Northeastern Section - 36th Annual Meeting (March 12-14, 2001)

Paper No. 2
Presentation Time: 8:30 AM-12:00 PM

GEOCHEMISTRY OF MIDDLE PROTEROZOIC MOUNT EVE GRANITES FROM THE NJ/HUDSON HIGHLANDS: A-TYPE GRANITES RELATED TO POST-OROGENIC COLLAPSE?
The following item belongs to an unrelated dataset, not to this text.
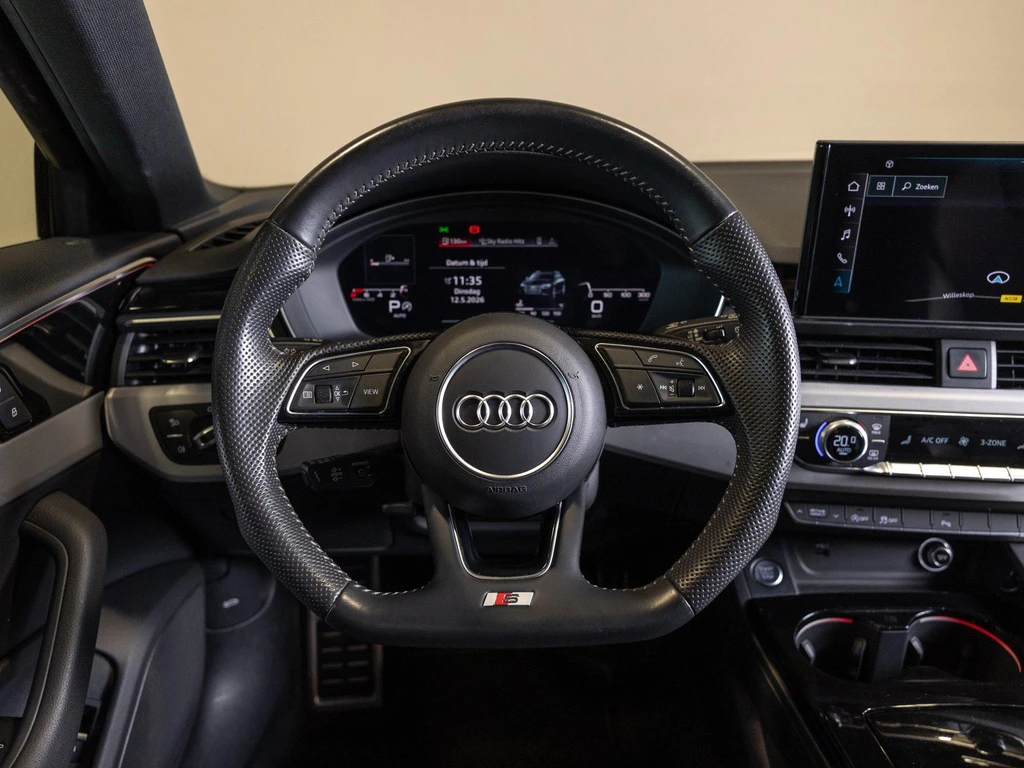 Audi A4 – foto 23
ESTELLE, Todd, Department of Earth & Env. Studies, Montclair State Univ, Upper Montclair, NJ 07043 and GORRING, Matthew, Department of Earth and Environmental Studies, Montclair State Univ, Upper Montclair, NJ 07043, dockets@hotmail.com

The Mount Eve Granite is a post-tectonic Middle Proterozoic rock with a U-Pb crystallization age of 1020 ±4 Ma (Drake et al., 1991) and strong A-type geochemical characteristics. Sixteen samples were collected from three different localities including the type-locality near Mount Eve and Adam near Pine Island, NY; Pochuck Mountain, Owens, NJ, and southeast of Lake Mohawk in Sparta, NJ. The samples are equigranular, medium- to coarse-grained rocks consisting of quartz, microperthite, oligoclase, with minor hornblende and biotite, and accessory zircon, allanite, and magnetite. Major and trace element analysis were obtained by ICP-OES and INAA. Samples from Mt. Eve/Adam are strongly metaluminous (A/CNK=0.6 to 1.0) whereas Pochuck Mt. and Lake Mohawk samples are slightly peraluminous (A/CNK=1.0 to 1.2). Samples from all localities have strong A-type geochemistry defined by high K/Na (1-5), Ba/Sr (3-12), Fe/(Fe+Mg) (0.8-0.98), Ba (400-3000 ppm), Zr (200-1000 ppm), Y (30-130 ppm), Ta (2.5-6 ppm), Total REE (300-1000 ppm), and low MgO (<1%), Cr and Ni (<5 ppm), and relatively low Sr (200-700 ppm). Major and trace element data support the interpretation that some of the granites are related by crystal fractionation processes. For example, large negative Eu anomalies (Eu/Eu*=0.1-0.6) and low Sr, Ba, Y, and Zr in fractionated samples suggest crystallization of feldspars and accessory phases (zircon, monazite, allanite). Parental granites also have negative Eu anomalies and high HREE contents indicating a garnet-free, mid-crustal source with residual feldspar. Regionally, the Middle Proterozoic basement gneisses are mostly tonalitic, trondhjemitic, granodioritic in composition, which on partial melting could yield A-type granites. The Mount Eve Granites are post-Ottawan (1.1-1.0 Ga) deformation which suggesting that they represent a crustal melting event possibly due to mantle delamination and associated orogenic collapse during the late stages of the Ottawan phase of the Grenville Orogeny.